Goal of the exercise: What is needed is a faithful copy of all the records.

(Records shown)

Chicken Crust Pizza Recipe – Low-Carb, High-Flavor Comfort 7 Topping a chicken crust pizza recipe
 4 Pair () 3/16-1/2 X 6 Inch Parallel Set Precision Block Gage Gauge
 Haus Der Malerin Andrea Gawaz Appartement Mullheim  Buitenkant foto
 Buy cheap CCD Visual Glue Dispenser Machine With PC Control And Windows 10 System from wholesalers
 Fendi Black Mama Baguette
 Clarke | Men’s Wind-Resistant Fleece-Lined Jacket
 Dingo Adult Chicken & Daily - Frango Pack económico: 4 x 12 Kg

(End Records shown)

Response to this task:
Chicken Crust Pizza Recipe – Low-Carb, High-Flavor Comfort 7 Topping a chicken crust pizza recipe
 4 Pair () 3/16-1/2 X 6 Inch Parallel Set Precision Block Gage Gauge
 Haus Der Malerin Andrea Gawaz Appartement Mullheim  Buitenkant foto
 Buy cheap CCD Visual Glue Dispenser Machine With PC Control And Windows 10 System from wholesalers
 Fendi Black Mama Baguette
 Clarke | Men’s Wind-Resistant Fleece-Lined Jacket
 Dingo Adult Chicken & Daily - Frango Pack económico: 4 x 12 Kg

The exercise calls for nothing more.